The fields in the jobInfoEnt structure have the following meaning:
jobId
The job ID that the LSF system assigned to the job.
user
The name of the user who submitted the job.
status
The current status of the job. Possible values are:
JOB_STAT_PEND
The job is pending, i.e., it has not been dispatched yet.
JOB_STAT_PSUSP
The pending job was suspended by its owner or the LSF system administrator.
JOB_STAT_RUN
The job is running.
JOB_STAT_SSUSP
The running job was suspended by the system because an execution host was overloaded or the queue run window closed. (See lsb_queueinfo(), lsb_hostinfo(), and lsb.queues.)
JOB_STAT_USUSP
The running job was suspended by its owner or the LSF system administrator.
JOB_STAT_EXIT
The job has terminated with a non-zero status - it may have been aborted due to an error in its execution, or killed by its owner or by the LSF system administrator.
JOB_STAT_DONE
The job has terminated with status 0.
JOB_STAT_UNKWN
The slave batch daemon (sbatchd) on the host on which the job is processed has lost contact with the master batch daemon (mbatchd).
reasonTb
Pending or suspending reasons of the job.
numReasons
Length of reasonTb vector.
reasons
The reason a job is pending or suspended.
If status is JOB_STAT_PEND, the values of reasons and subreasons are explained by lsb_pendreason(). If status is JOB_STAT_PSUSP, the values of reasons and subreasons are explained by lsb_suspreason().
When reasons is PEND_HOST_LOAD or SUSP_LOAD_REASON, subreasons indicates the load indices that are out of bounds. If reasons is PEND_HOST_LOAD, subreasons is the same as busySched in the hostInfoEnt structure; if reasons is SUSP_LOAD_REASON, subreasons is the same as busyStop in the hostInfoEnt structure. (See lsb_hostinfo().)
submitTime
The time the job was submitted, in seconds since 00:00:00 GMT, Jan. 1, 1970.
reserveTime
Time when job slots are reserved.
startTime
The time that the job started running, if it has been dispatched.
PredictedStartTime
Job's predicted start time.
endTime
The termination time of the job, if it has completed.
LastEvent
Last time event.
nextEvent
Next time event.
duration
Duration time (in minutes).
cpuTime
The CPU time that the job has used.
umask
The file creation mask when the job was submitted.
cwd
The current working directory when the job was submitted.
subHomeDir
Home directory on submission host.
fromHost
The name of the host from which the job was submitted.
exHosts
The array of names of hosts on which the job executes.
numExHosts
The number of hosts on which the job executes.
cpuFactor
The CPU factor for normalizing CPU and wall clock time limits.
nIdx
The number of load indices in the loadSched and loadStop arrays.
loadSched & loadStop
The loadSched and loadStop arrays are assigned to the job according to those of the queue and hosts to control job suspension and resumption.
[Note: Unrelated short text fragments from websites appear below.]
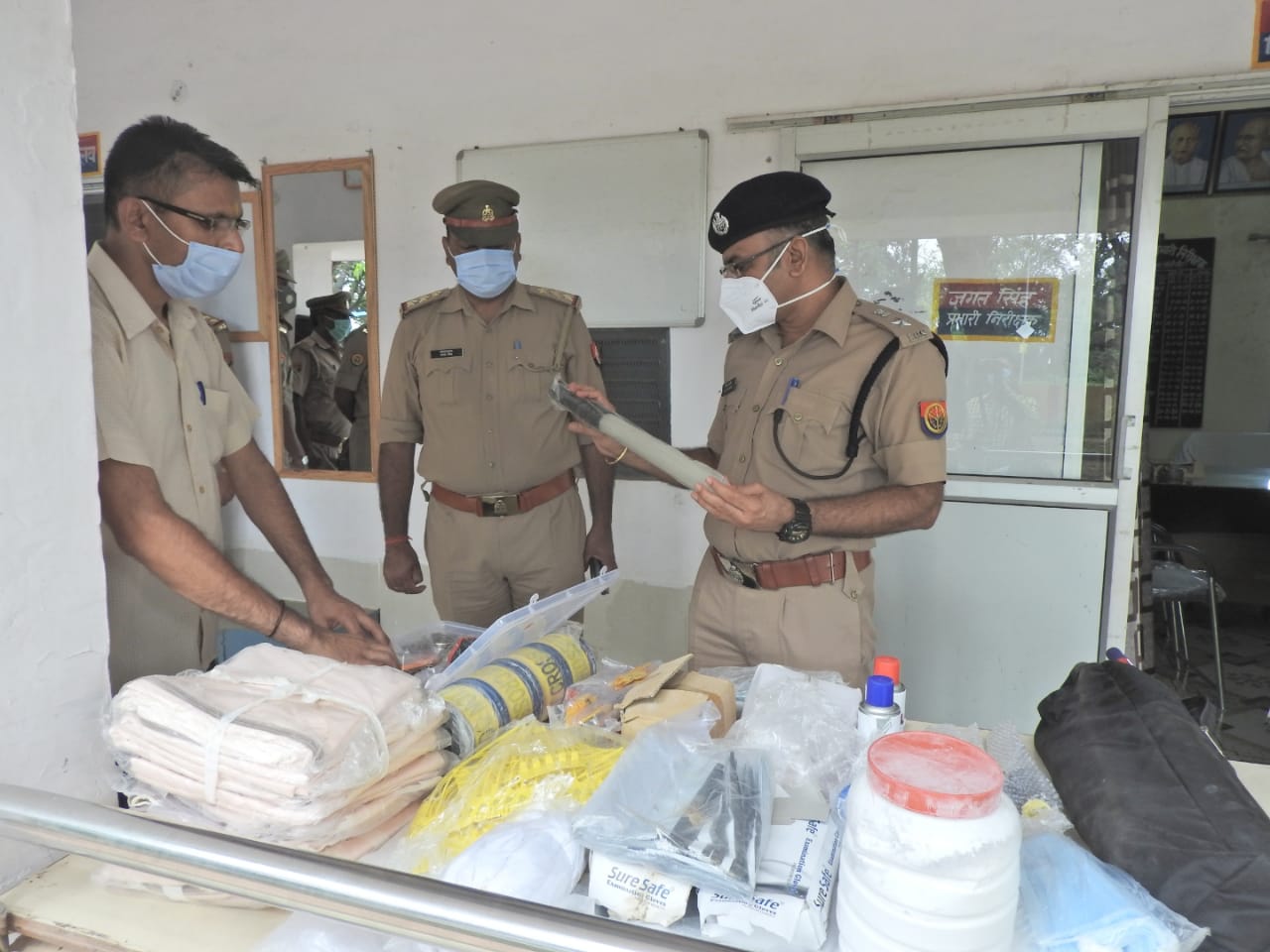 पीलीभीत: पुलिस अधीक्षक श्री किरीट सिंह राठौर महोदय द्वारा थाना न्यूरिया का किया गया आकस्मिक निरीक्षण।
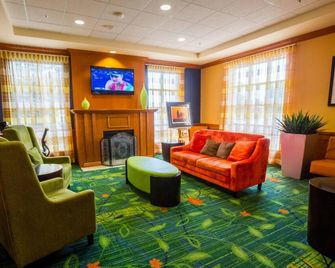 Fairfield Inn by Marriott Toronto Oakville - Oakville - Oleskelutila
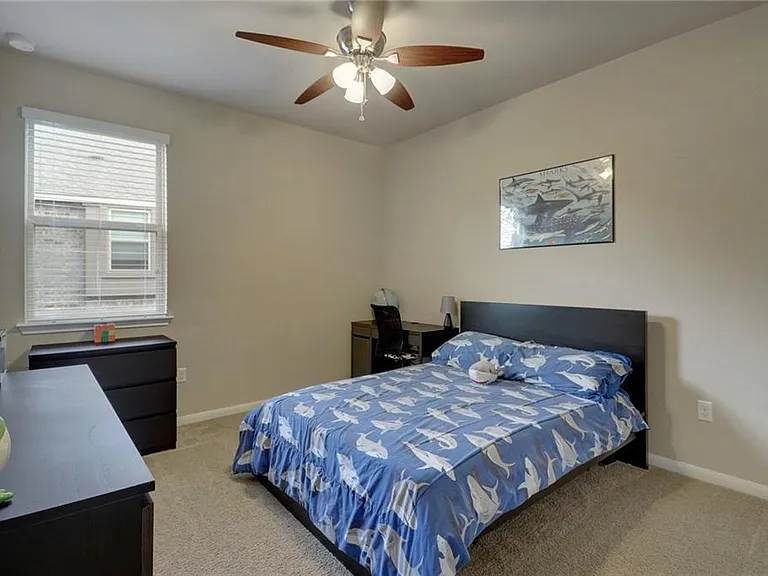 2433 Lyla Ln — Photo 14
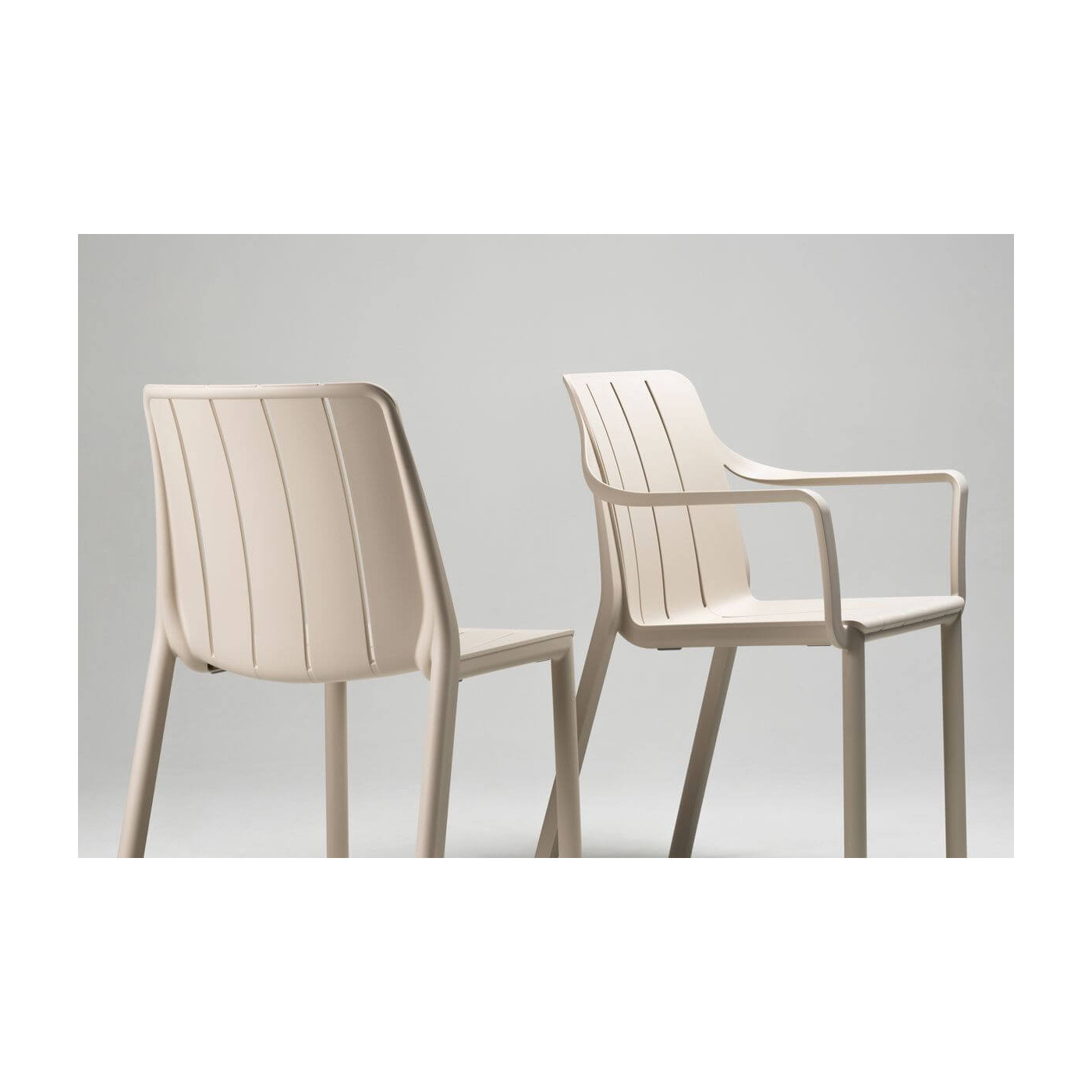 Krzesła TIBERINA Corda marki Nardi – widok z przodu i z tyłu, podkreślający linię i kształt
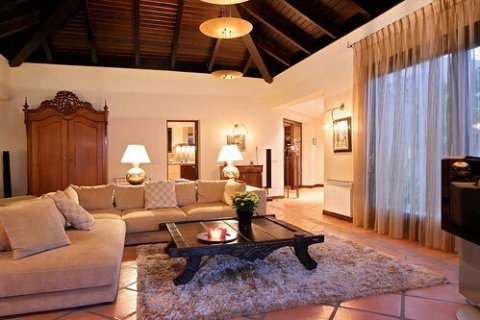 Casa in vendita Benahavis, Malaga, Spagna 4 camere da letto, 320 mq. N° 22421 - foto 8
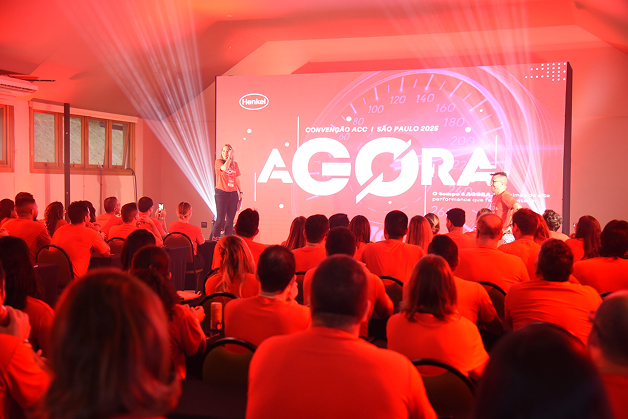 Apresentação na plenária para o público da convenção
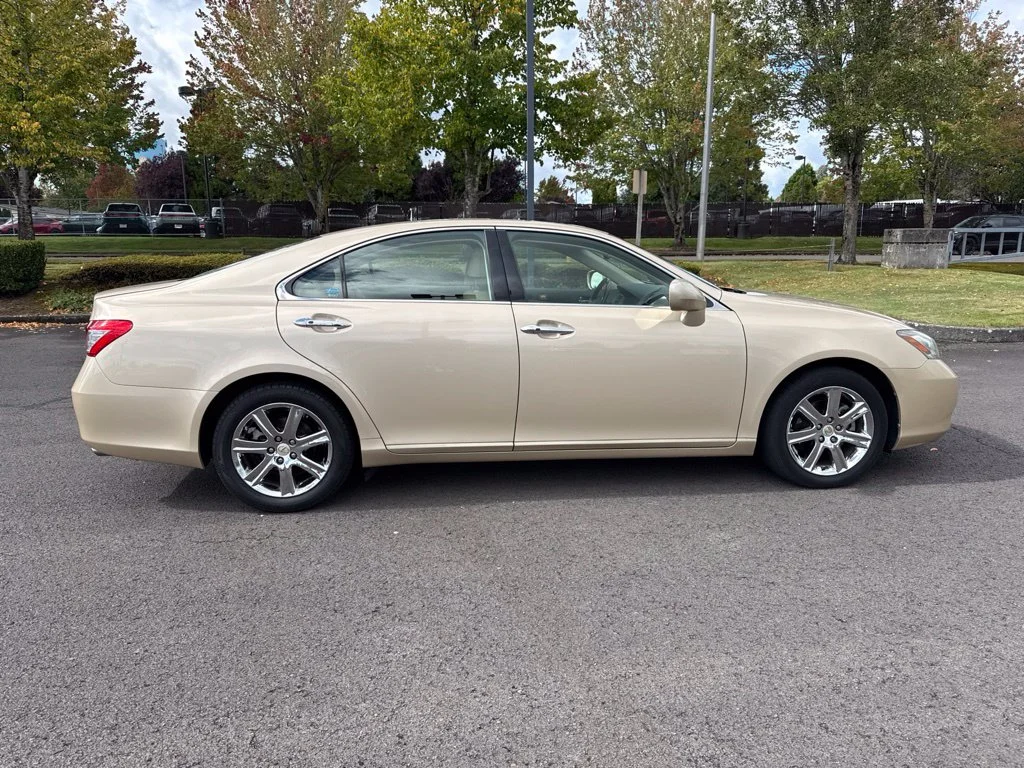 Used 2007 Golden Almond Metallic Lexus 350 image 8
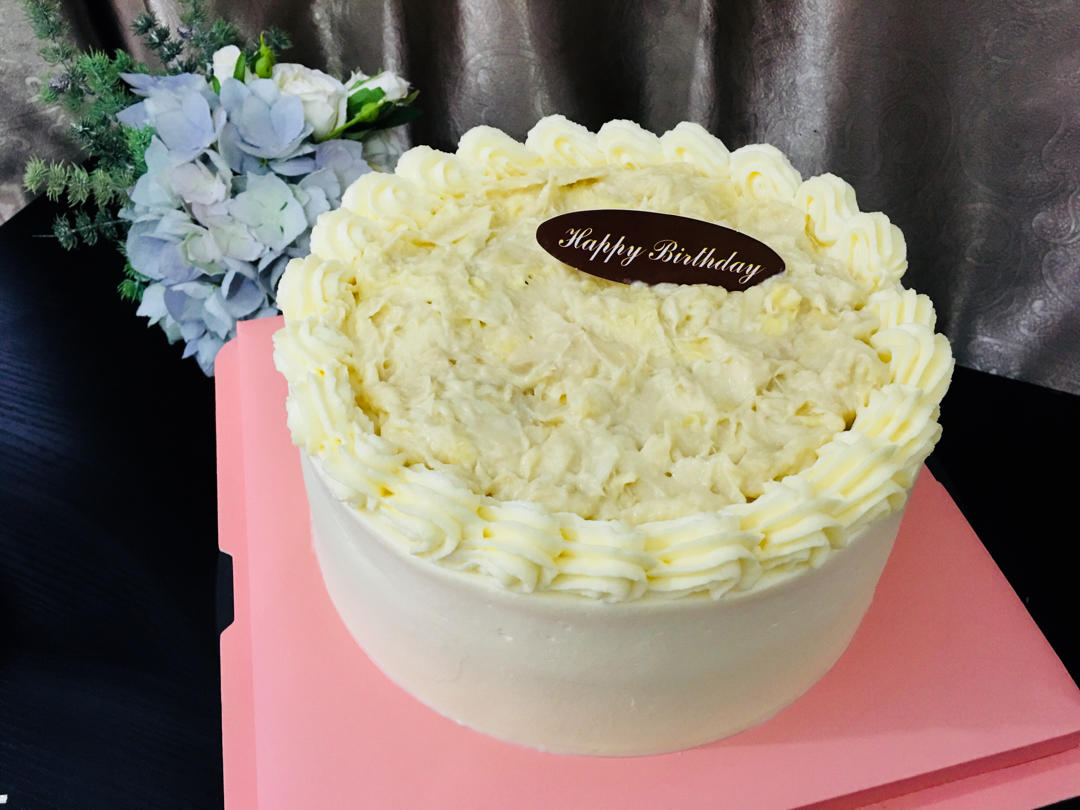 吃一口就会爱上的方形榴莲奶油蛋糕 齿颊留香～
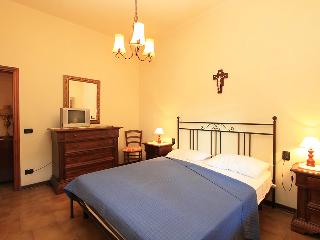 Patrizia - Two Bedroom, Lucca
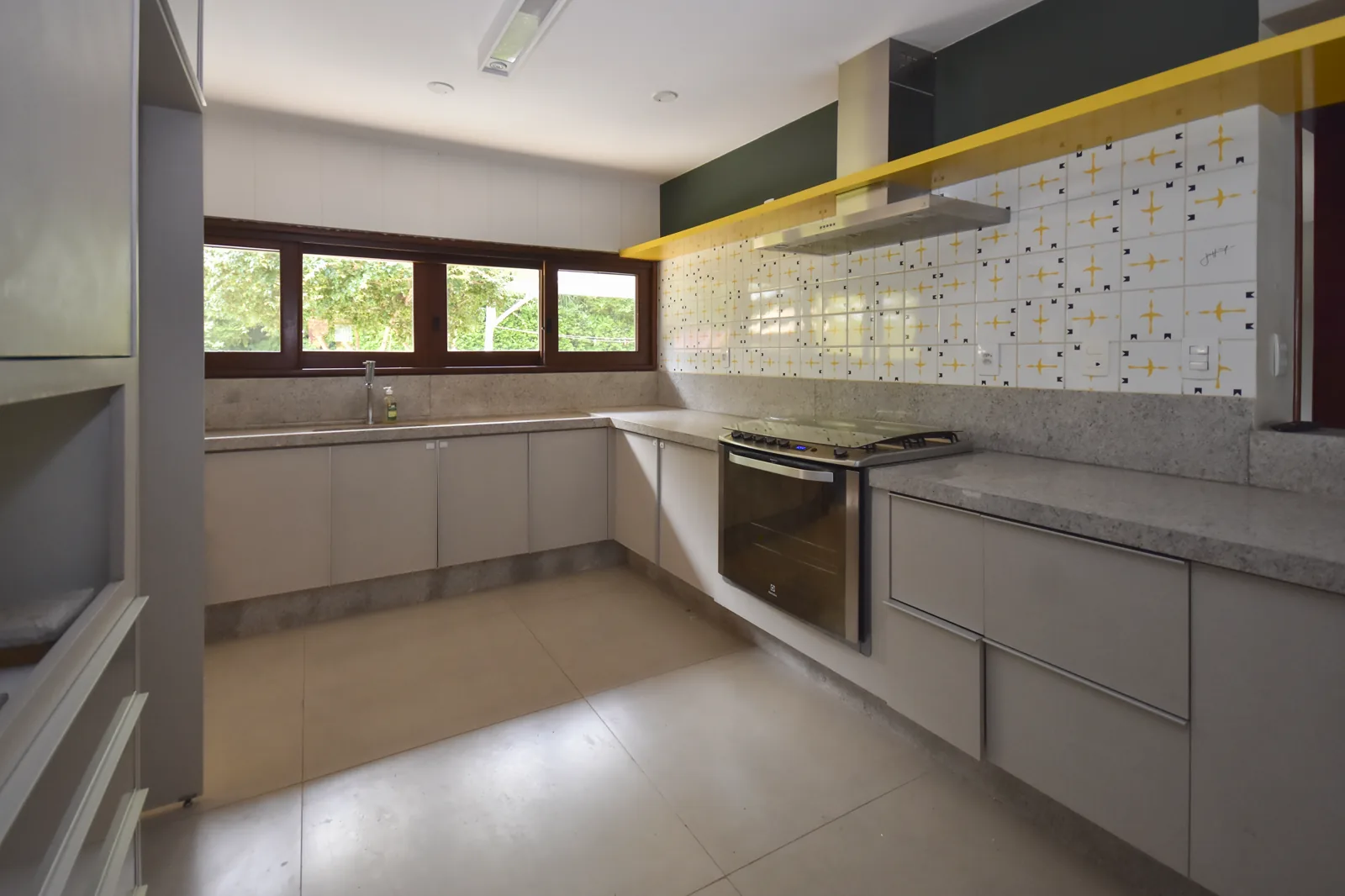 Sala ampla integrada à cozinha aberta da casa de hóspedes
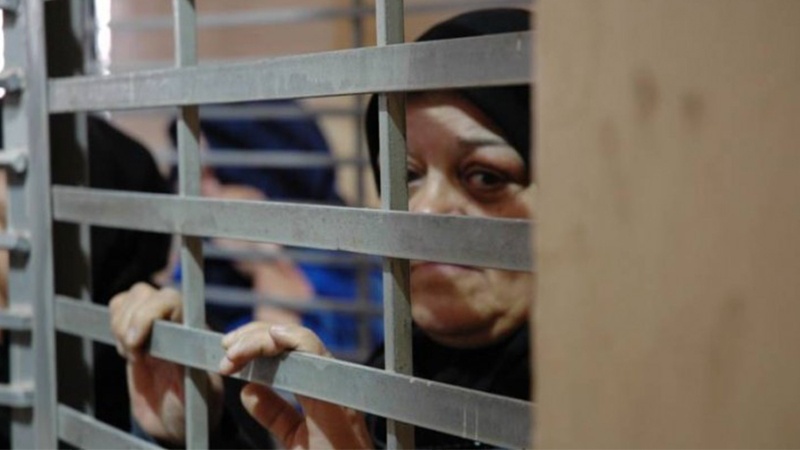  فلسطین کی خاتون قیدیوں پر صیہونی فوجیوں کا حملہ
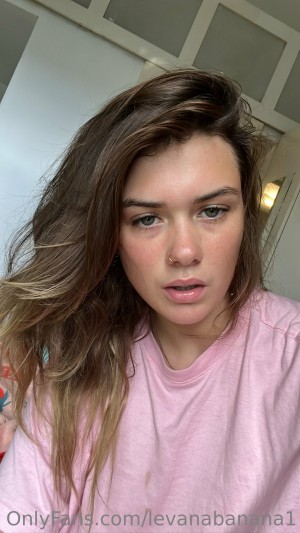 Levana Banana Photo #168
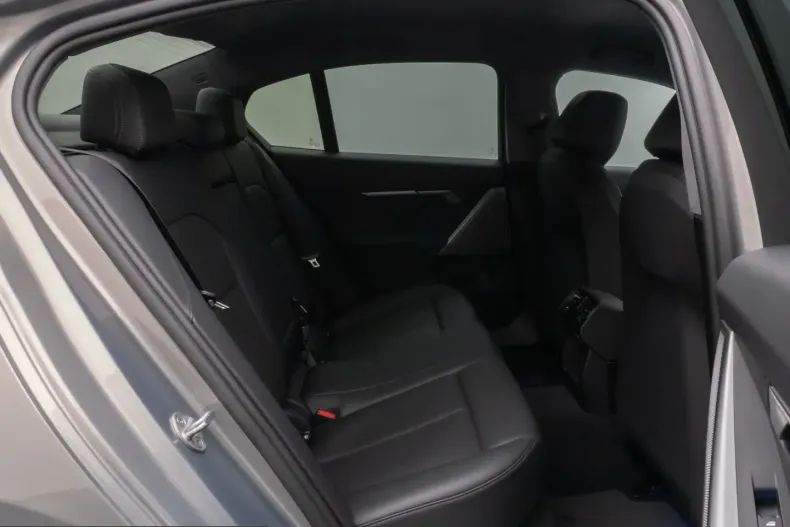 BMW 520 (Seria 5) din 2024 cu 45.988 km - oferta BMW243749 - foto 26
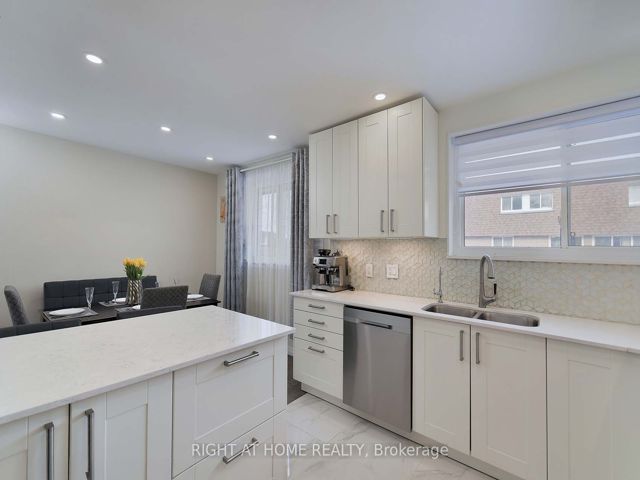 888 - 34 Tandridge Cres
The values in the loadSched array specify the thresholds for the corresponding load indices. Only if the current values of all specified load indices of a host are within (below or above, depending on the meaning of the load index) their corresponding thresholds may the suspended job be resumed on this host.
Similarly, the values in the loadStop array specify the thresholds for job suspension; if any of the current load index values of the host crosses its threshold, the job will be suspended.
For an explanation of the entries in the loadSched and loadStop arrays, see lsb_hostinfo().
submit
Structure for lsb_submit() call.
exitStatus
Job exit status.
execUid
Mapped UNIX user ID on the execution host.
execHome
Home directory for the job on the execution host.
execCwd
Current working directory for the job on the execution host.
execUsername
Mapped user name on the execution host.
jRusageUpdateTime
Time of the last job resource usage update.
jRusage
Contains resource usage information for the job.
jType
Job type.
parentGroup
The parent job group of a job or job group.
jName
if jType is JGRP_NODE_GROUP, then it is the job group name. Otherwise, it is the job name.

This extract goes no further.